Since January 1, 2022, an updating obligation for digital products and goods with digital elements has been included in the BGB (German Civil Code).
The following article is intended to provide a brief overview of the possibilities of recourse for entrepreneurs against their distribution partners in cases where this new updating obligation is not sufficiently complied with.
I. Starting point
With the implementation of the European “Sale of Goods Directive” and the “Digital Content Directive”, new regulations for trade in the B2C relationship were created in the BGB (German Civil Code) and existing regulations were adapted to digitalisation. By asserting recourse claims in the supply chain, these regulations can also be applied in the B2B relationship.
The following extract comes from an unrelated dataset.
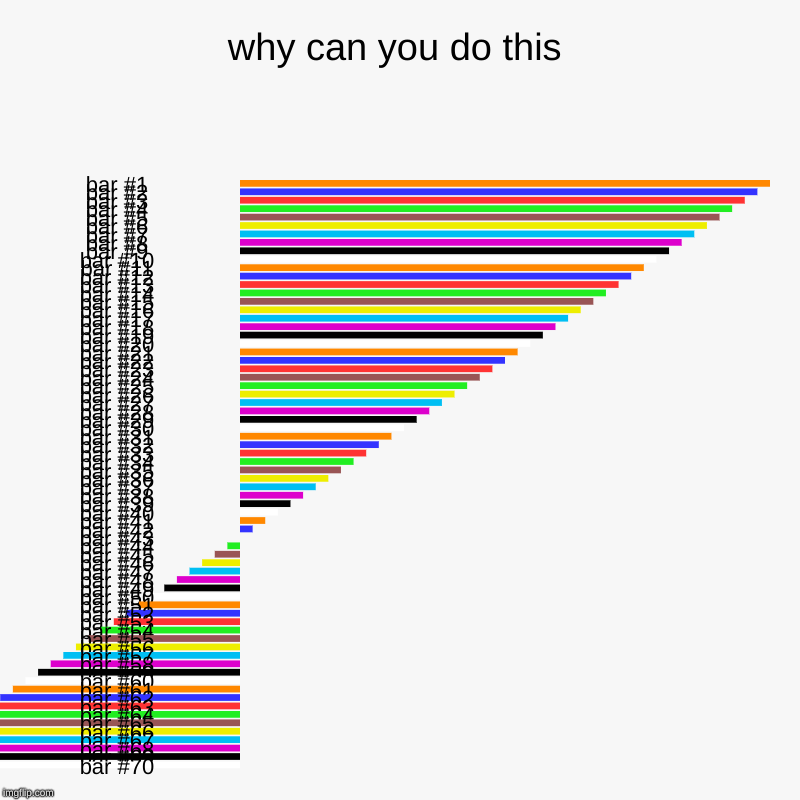why can you do this | | image tagged in charts,bar charts | made w/ Imgflip chart maker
- The Sale of Goods Directive concerns sales contracts for goods which contain or are connected to digital products in such a way that the goods cannot fulfil their functions without these digital products, i.e. they would lose their functionality, e.g. smart devices such as Smart TV/Smart Watch or a computer including operating software.
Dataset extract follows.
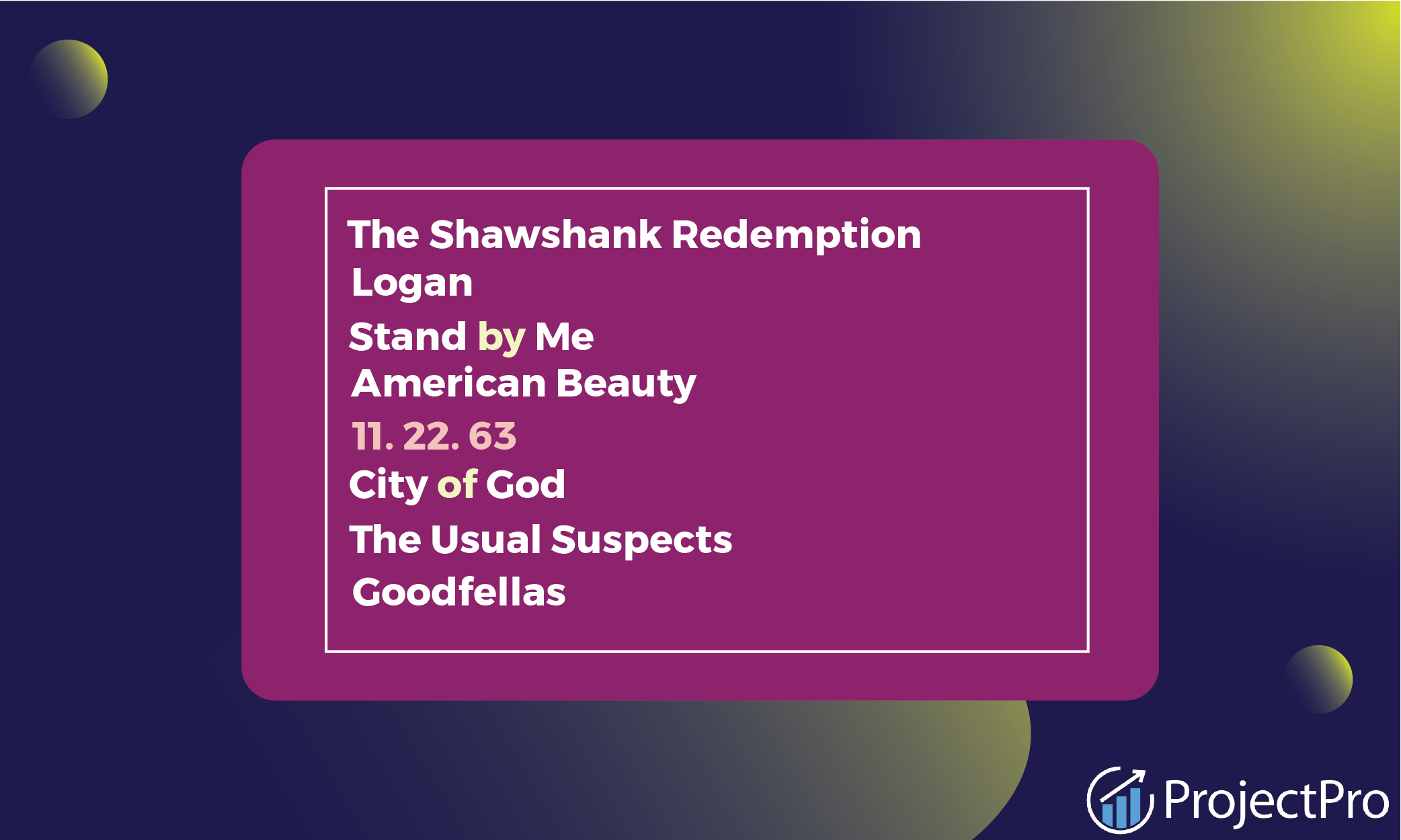 Image for Content-based Recommender System Output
- The Digital Content Directive covers digital products, which are digital content, i.e. data created and delivered in digital form, such as apps or e-books, and digital services, which allow the consumer either to create, process, store or access data in digital form, or to share or otherwise interact with data uploaded or created in digital form by the consumer or other users of the relevant service, such as cloud applications or streaming services.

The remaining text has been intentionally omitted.